What this task involves ->
Using the entries below, copy exactly each line from the line with "Nissan Rogue Sport S 2018" up to and including the line with "1565 Shinnville Road Property Photo 43", with every picture left out.

Data shown ->
_ _ _ _
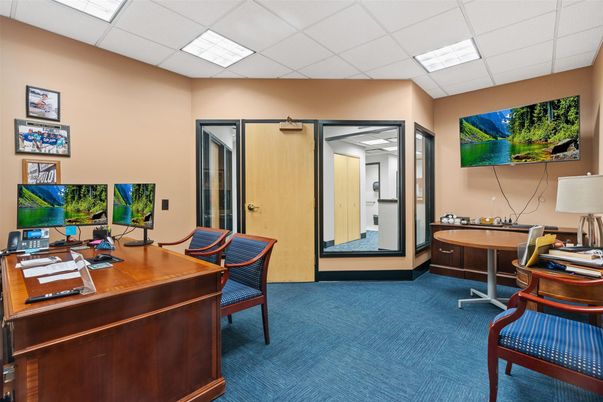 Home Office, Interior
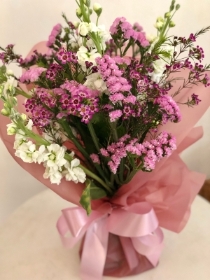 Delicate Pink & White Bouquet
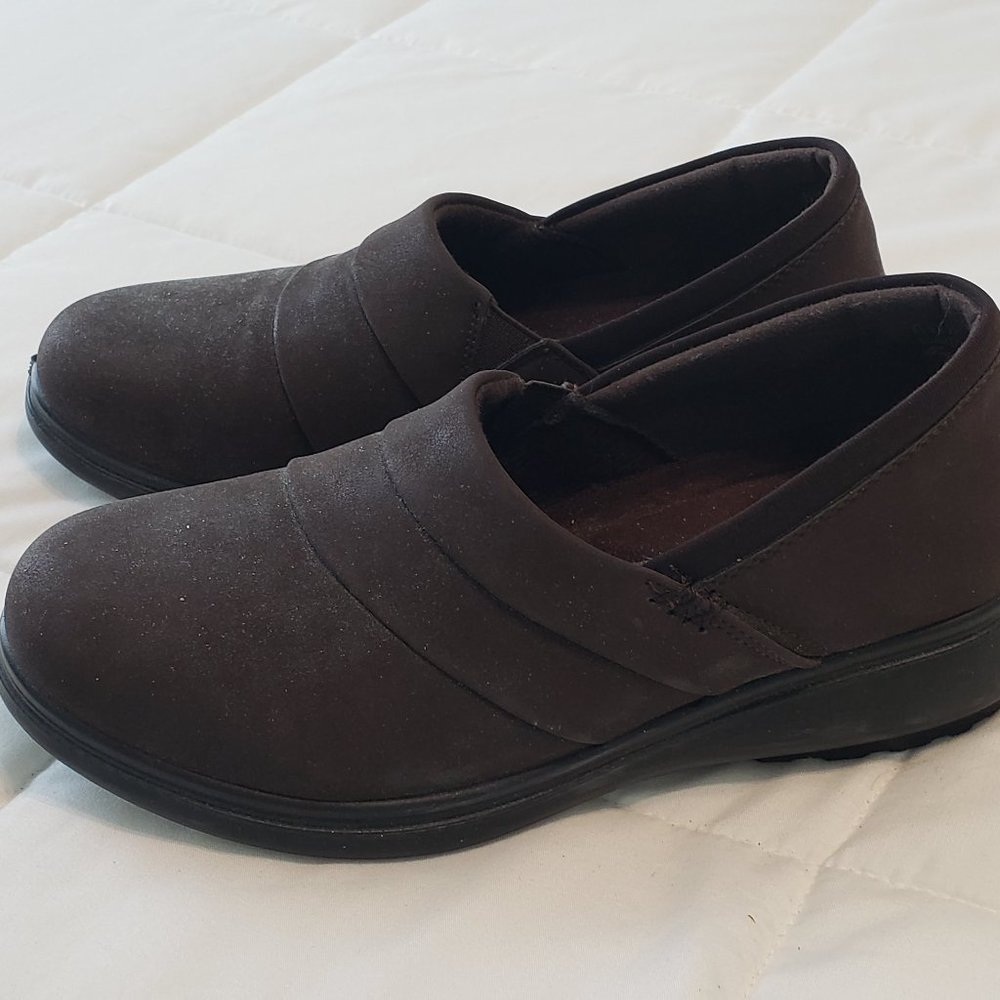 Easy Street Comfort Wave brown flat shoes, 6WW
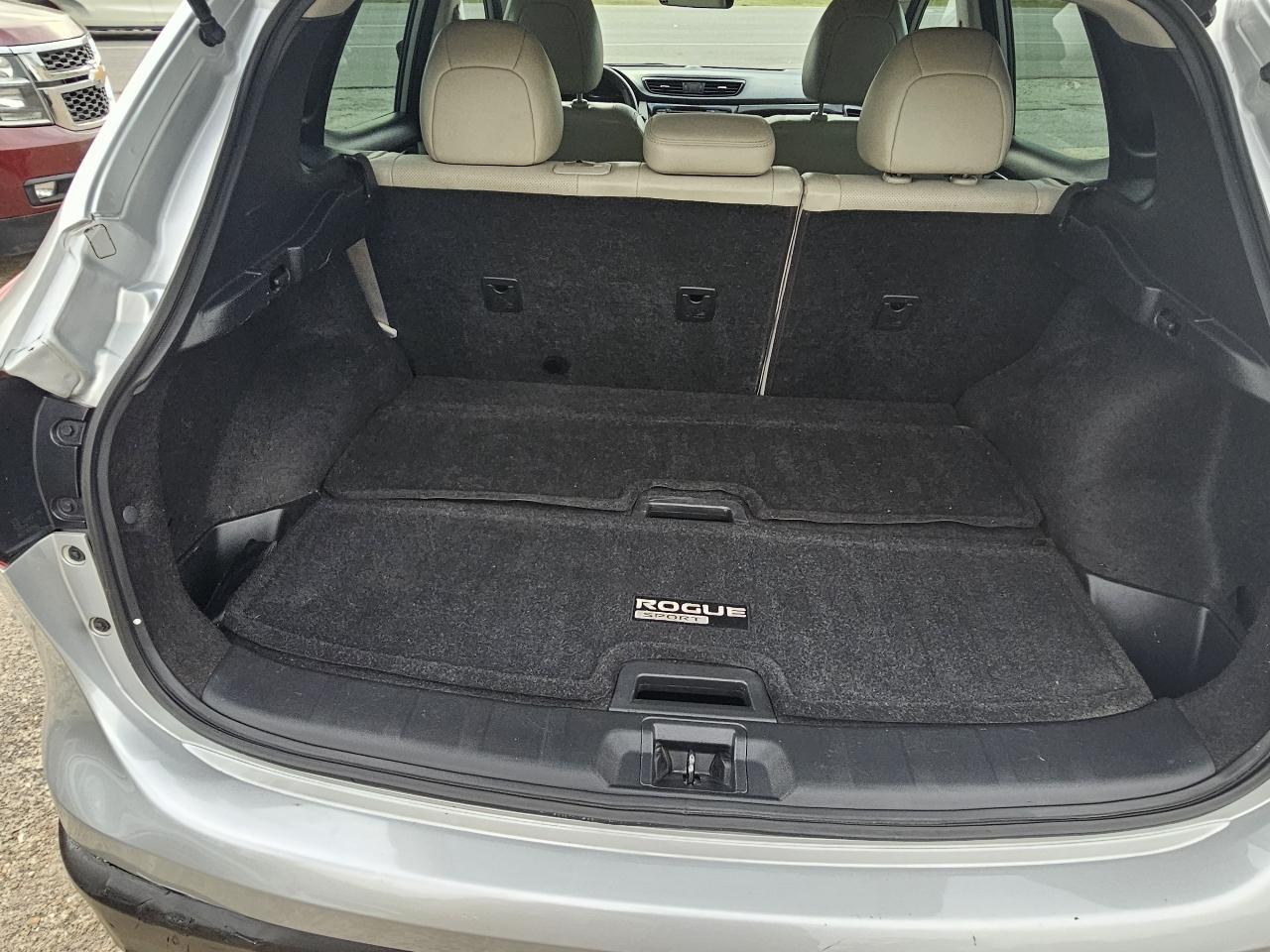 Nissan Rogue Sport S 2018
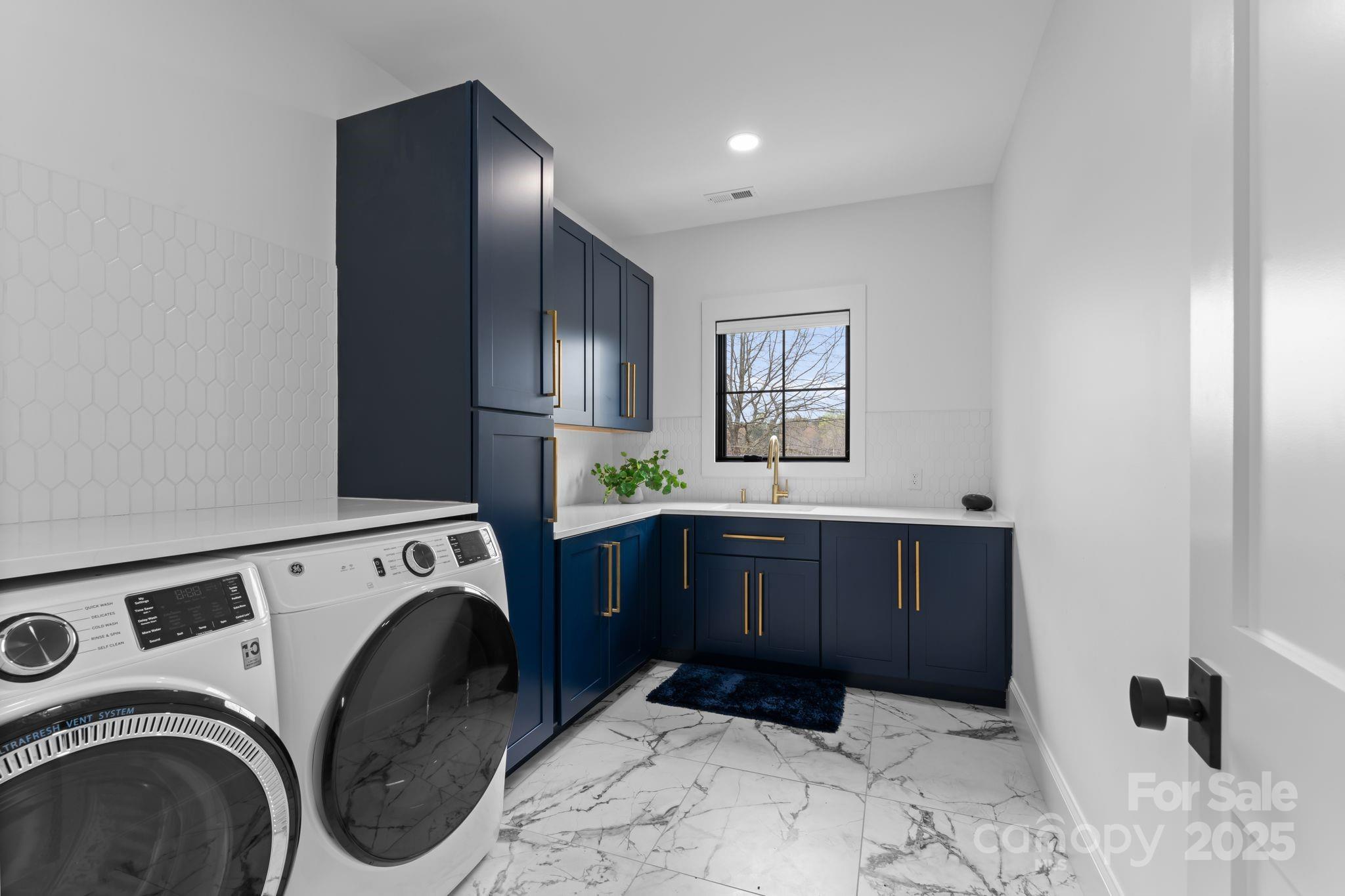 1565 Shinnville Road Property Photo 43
_ _ _ _
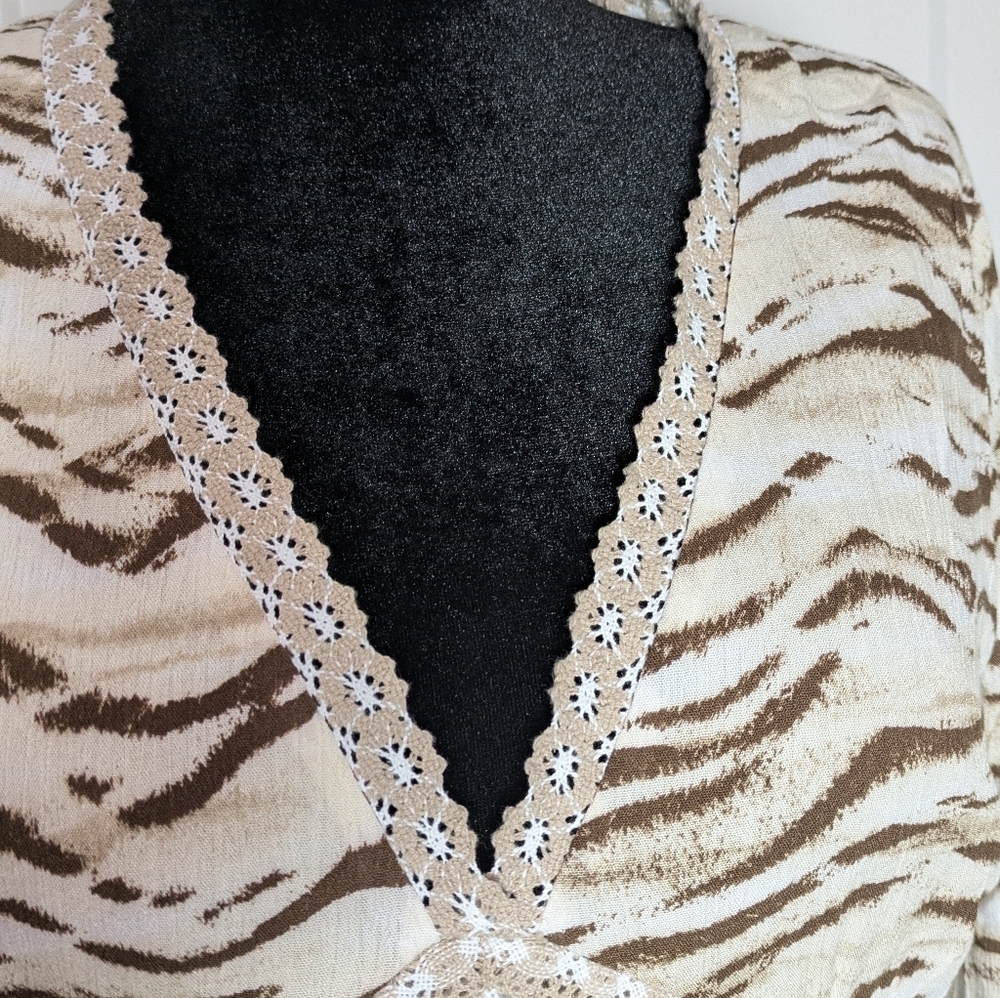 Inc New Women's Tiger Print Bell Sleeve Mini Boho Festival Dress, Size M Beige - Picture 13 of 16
_ _ _ _
Result ->
 Nissan Rogue Sport S 2018
 1565 Shinnville Road Property Photo 43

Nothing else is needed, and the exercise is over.